You are viewing a plain text version of this content. The canonical link for it is here.
Posted to dev@apr.apache.org by Neil Conway <nr...@cs.berkeley.edu> on 2009/09/14 21:55:24 UTC

apr_hash: Memory consumption

I notice that the implementation of expand_array() in
tables/apr_hash.c allocates a new bucket array, without making any
attempt to release the memory allocated for the previous bucket array.
That wastes memory: if the hash table grows exponentially, this
strategy wastes O(n) extra memory.

Is there a rational for the current behavior? If not, perhaps the
easiest fix is to allocate the bucket array in a subpool, and then
create a new subpool and destroy the old one in expand_array(). If a
patch to do this would be accepted, let me know and I'll submit one.

Neil

Re: apr_hash: Memory consumption

Posted by Graham Leggett <mi...@sharp.fm>.
Hi,

> I notice that the implementation of expand_array() in
> tables/apr_hash.c allocates a new bucket array, without making any
> attempt to release the memory allocated for the previous bucket array.
> That wastes memory: if the hash table grows exponentially, this
> strategy wastes O(n) extra memory.
> 
> Is there a rational for the current behavior? If not, perhaps the
> easiest fix is to allocate the bucket array in a subpool, and then
> create a new subpool and destroy the old one in expand_array(). If a
> patch to do this would be accepted, let me know and I'll submit one.

If the patch improves performance, then +1 to that.

Regards,
Graham
--

Re: apr_hash: Memory consumption

Posted by Ruediger Pluem <rp...@apache.org>.

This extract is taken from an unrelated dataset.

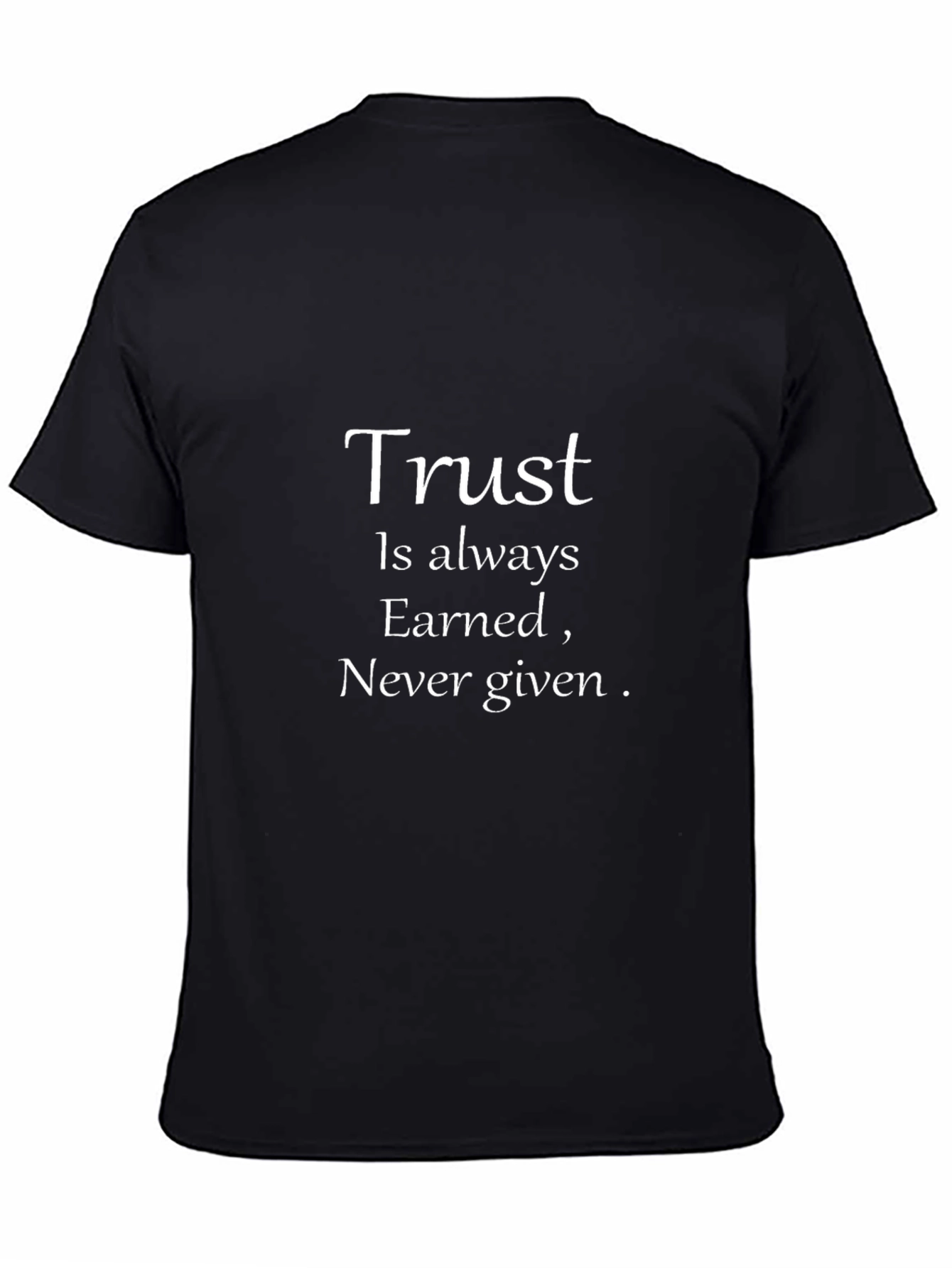 Trust Earned Black Graphic Tee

On 09/22/2009 11:05 PM, Neil Conway wrote:
> On Tue, Sep 22, 2009 at 1:21 PM, Graham Leggett <mi...@sharp.fm> wrote:
>> Thanks for this, I've committed it to trunk, and backported it to 1.4
>> and 1.3.
> 
> Whoops -- the patch had a boneheaded typo in the changes to
> apr_hash_copy(). Attached is a fix for the bug.
> 
> Sorry, my mistake.

Thanks for noting and supplying a patch. Fixed:

http://svn.apache.org/viewvc?rev=817858&view=rev
http://svn.apache.org/viewvc?rev=817860&view=rev
http://svn.apache.org/viewvc?rev=817861&view=rev

Regards

Rüdiger


Re: apr_hash: Memory consumption

Posted by Neil Conway <nr...@eecs.berkeley.edu>.
On Tue, Sep 22, 2009 at 1:21 PM, Graham Leggett <mi...@sharp.fm> wrote:
> Thanks for this, I've committed it to trunk, and backported it to 1.4
> and 1.3.

Whoops -- the patch had a boneheaded typo in the changes to
apr_hash_copy(). Attached is a fix for the bug.

Sorry, my mistake.

Neil

Re: apr_hash: Memory consumption

Posted by Graham Leggett <mi...@sharp.fm>.
Neil Conway wrote:

> Fair enough. The one place this doesn't work is when expanding the
> bucket array in apr_hash_set() (since it returns NULL), but in that
> case we can just skip the expansion if the apr_pool_create() fails,
> and retry it next time.
> 
> Attached is a revised patch -- thanks for the feedback.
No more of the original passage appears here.